听说李导喊我,我扔下洗漱的毛巾下了楼,老远就看见李前宽站在咖啡厅门口笑眯眯地招呼我,刚一走近,他就像乐队指挥一样,手舞足蹈起来,顿时,“祝你生日快乐”的歌声和音乐同时响起。我一瞧,嗬!一个双层的生日蛋糕插着五彩蜡,神秘而绚丽的烛光摇曳着,只见秦怡、李仁堂、吴海燕、方舒等老中青三代电影人围坐在一起朝我祝福,我这才悟到,那天是我的生日,“谢谢大家!你们怎么知道的?”

张兰说,那天你和李导一块儿在前台登记,给服务生念出生年月填住宿表的时候,李导不知道怎么听到了,这就……

前宽导演乐乐呵呵地张罗着:“咱们干导演的,就得眼观六路,耳听八方,这小子那天身份证号一报,我一把就记住了,这不,给你个惊喜!”

我特别感动,竟无语凝噎。

李前宽是大导演,他和肖桂云老师琴瑟和鸣,志同道合,拍了好几部在中国电影史上能留下的经典电影。从《开国大典》到《重庆谈判》,从《佩剑将军》到《七七事变》,可以说都是大部头的作品。他长我整整二十岁,在我眼里,他不光是兄长和老师,也是能指挥千军万马的大将,同时他又是个充满着天真的顽童。

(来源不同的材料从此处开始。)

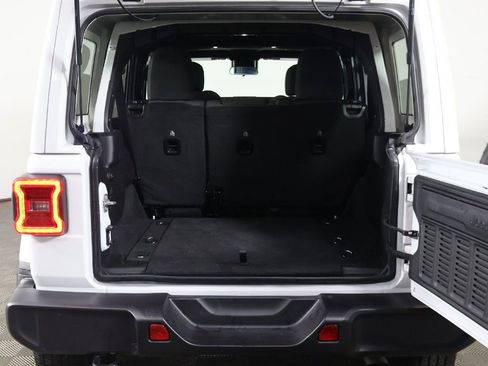 Used 2025 Jeep Wrangler Unlimited Sahara AWD/4WD image 18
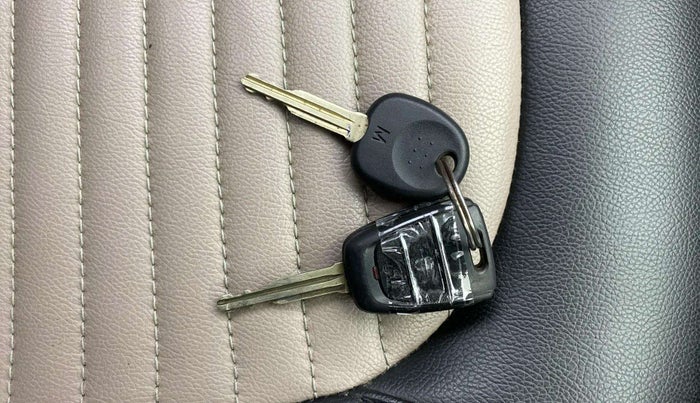 2018 Hyundai Grand i10 SPORTZ AT 1.2 KAPPA VTVT, Petrol, Automatic, 66,464 km, Key Close Up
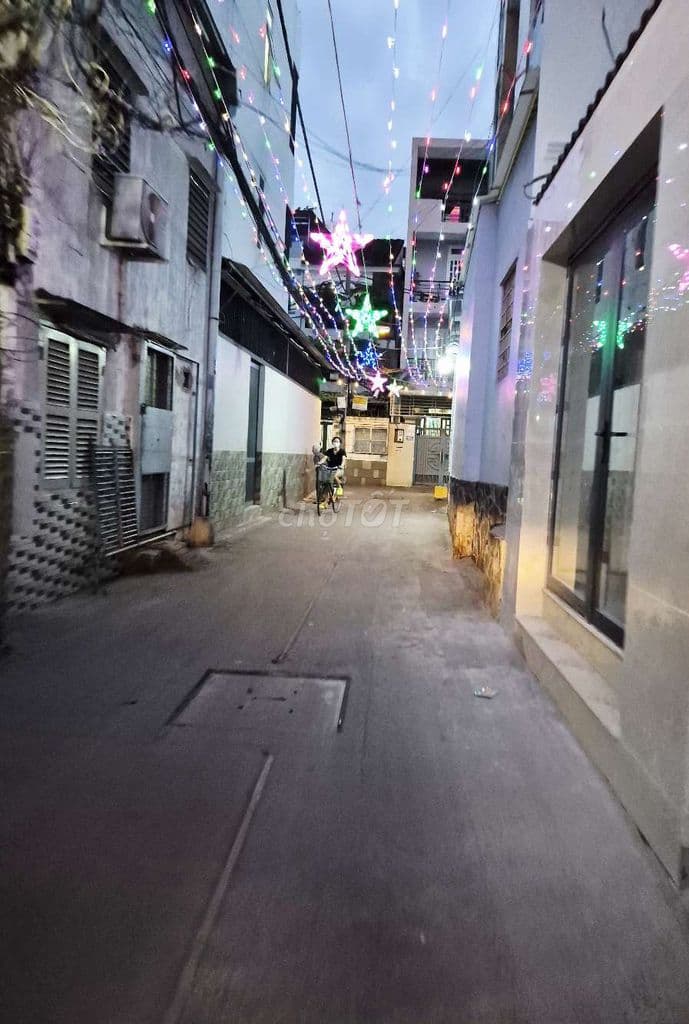 Bán gấp nhà 4 tầng BTCT sát vách Quận 1, nhỉnh 6t Phường 3 Bình Thạnh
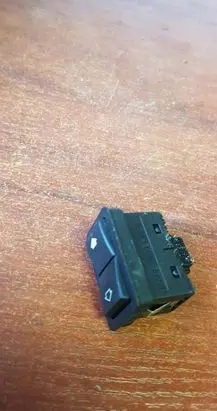 BMW 5 E39 Electric window control switch 8368974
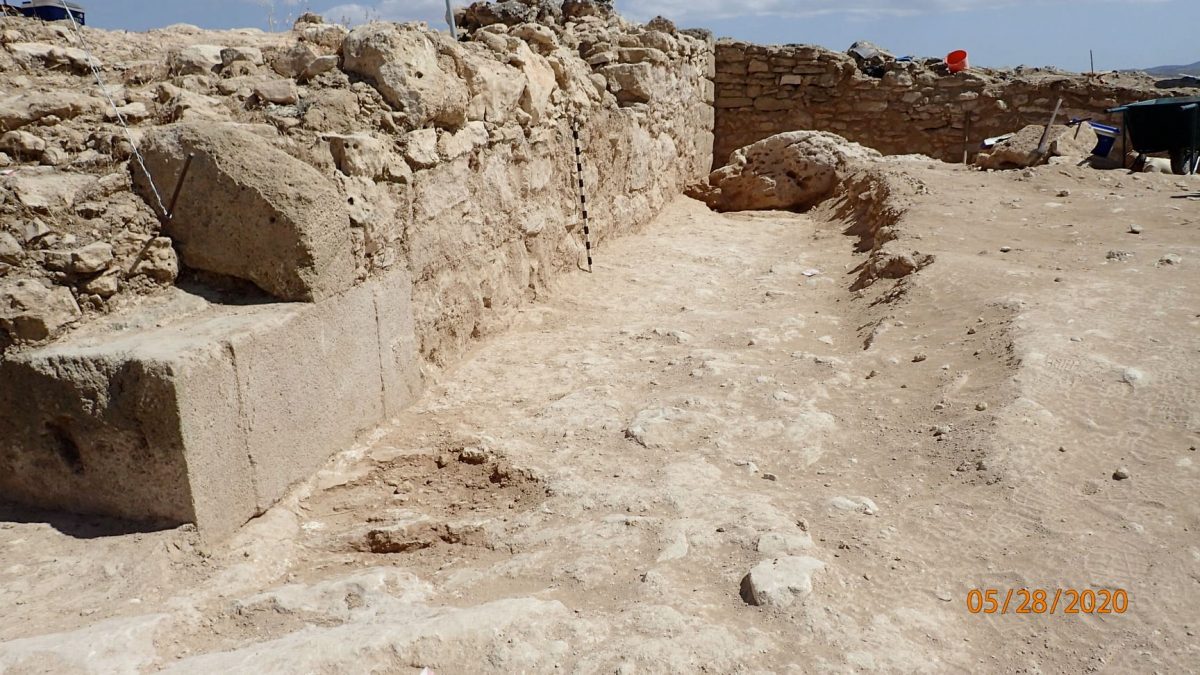 The outer face of the tower was dressed with rectangular ashlars also placed horizontally and carefully worked cornerstones. Credit: Department of Antiquities / Cyprus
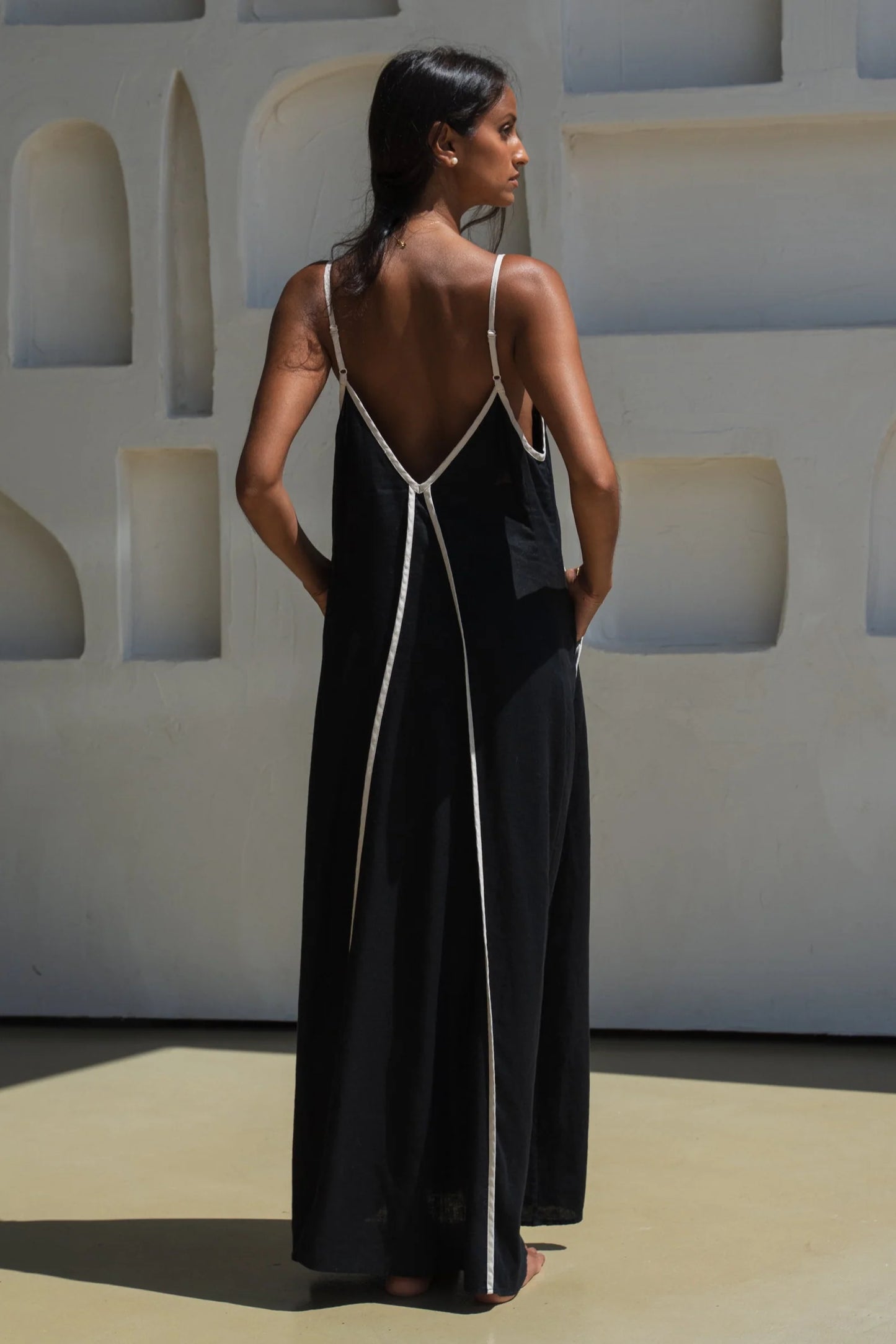 Azalea Linen Dress / Black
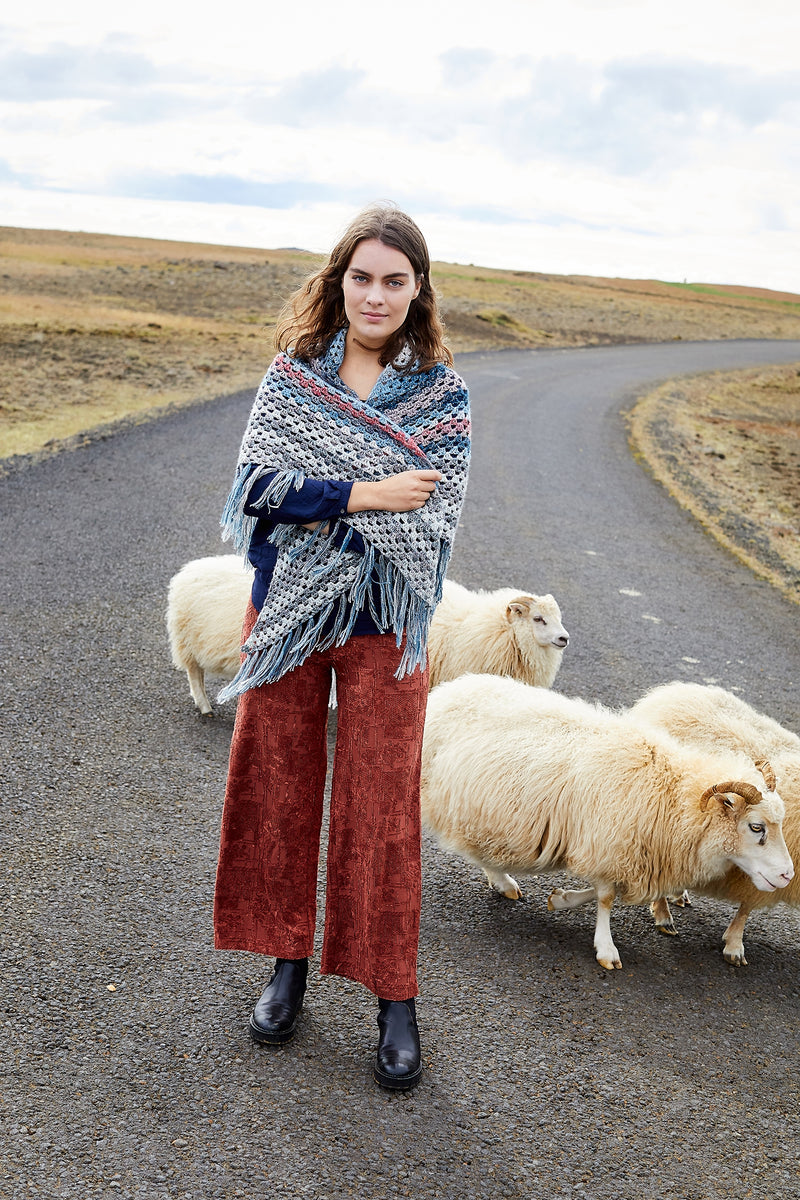 Vasti Shawl (Crochet) – Lion Brand Yarn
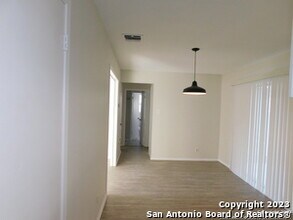 923 Spring Park St in San Antonio, TX - Building Photo - Building Photo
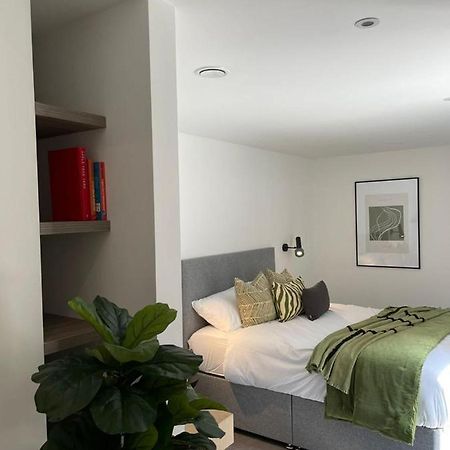 Brand New 3-Bedroom Home In לונדון מראה חיצוני תמונה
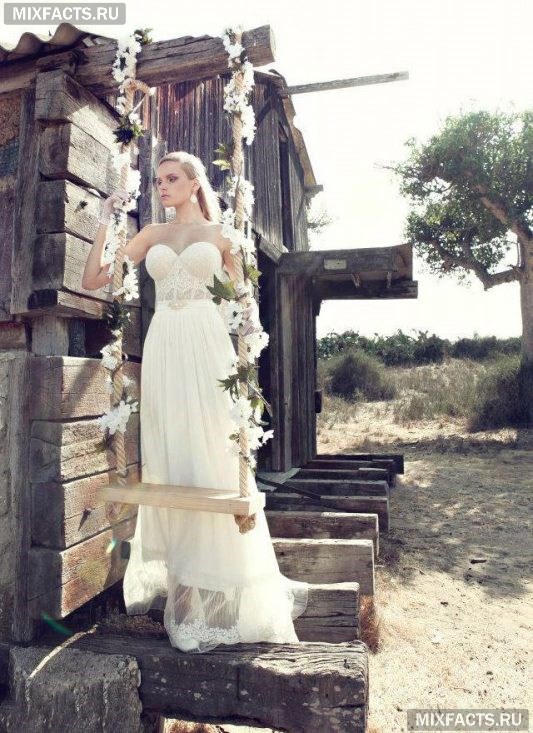 самое красивоекремовое  свадебное платье с декольте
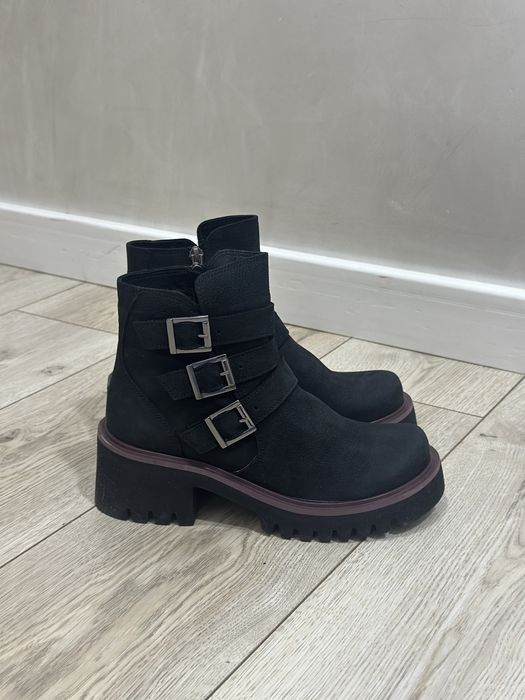 Ботинки из натуральной кожи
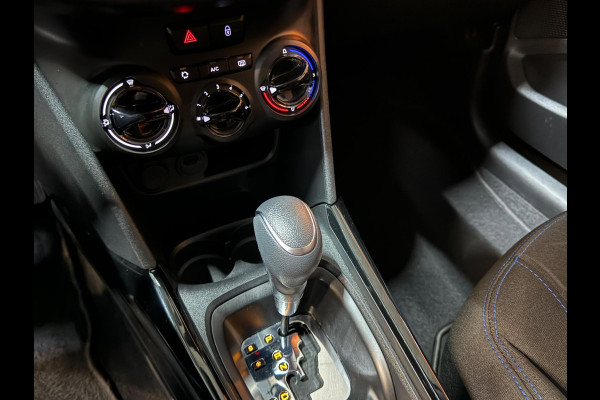 Peugeot 2008 1.2 PureTech Signature Garantie CarPlay StoelVW Parkeersensoren Cruise Navi Led Rijklaar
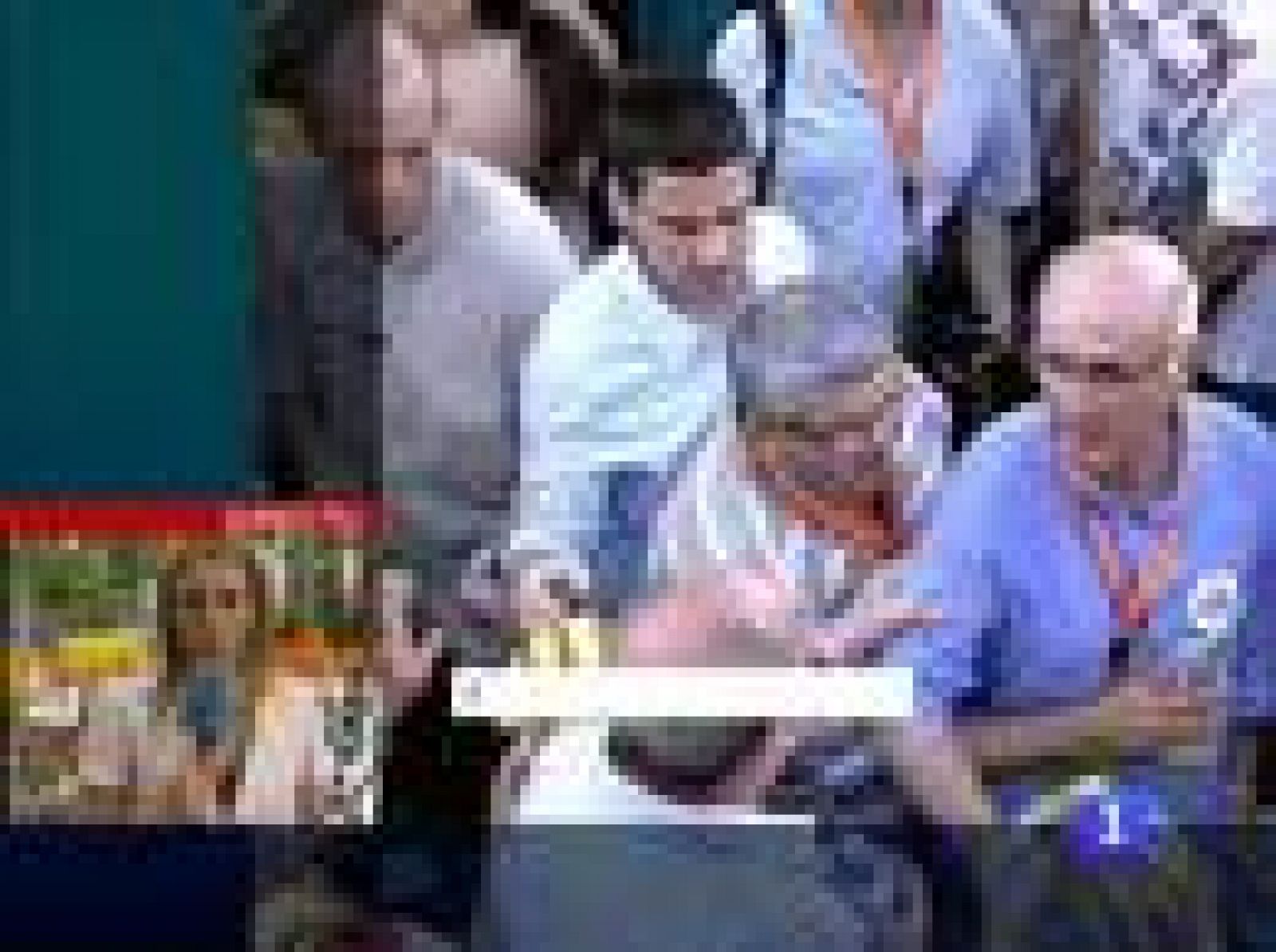 El presidente de la Generalitat, José Montilla, y el líder de UDC, Josep Antoni Durán i Lleida, han sido increpados por algunos manifestantes durante la marcha en apoyo del Estatut.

我俩认识好多年了,先是看了他的电影,崇拜他;后来是跟他有过多次合作,钦佩他;再后来像家人一样熟了,真正地从心里喜欢他,尊敬他。

前宽导演的几件小事,值得一说。

有一年,西安电影制片厂请他导演一部根据作家黄济人的小说《将军岂止决战在疆场》改编的电影《决战之后》,他风风火火到了西北,和编剧郑重一头扎进故纸堆,寻觅几十年前炮火硝烟熄灭后,那些曾经耀武扬威的国民党将领在战犯管理所的往事。剧本初稿一出,他就邀请原作黄济人先生到古都磋商讨论。那天,飞机延误,子夜时分,黄济人落地,在候机大厅转了一圈不见接他的人,正纳闷,忽见墙角长椅上歪坐着两个裹着羊皮大衣的男人,鼾声如雷,定眼一看,其中一人恰是李前宽!黄先生在此之前,跟李导只是神交,在报刊上见过照片,没想到这么大的导演居然亲自到机场来迎他,再一问,他身边正是编剧郑重。他俩为了接机,在大厅里待了六七个小时,实在熬不住了,刚找了个角落眯上就被推醒了。李导一个劲儿地抱歉:“看看,看看,起大早,赶晚集,真是怠慢老弟了!”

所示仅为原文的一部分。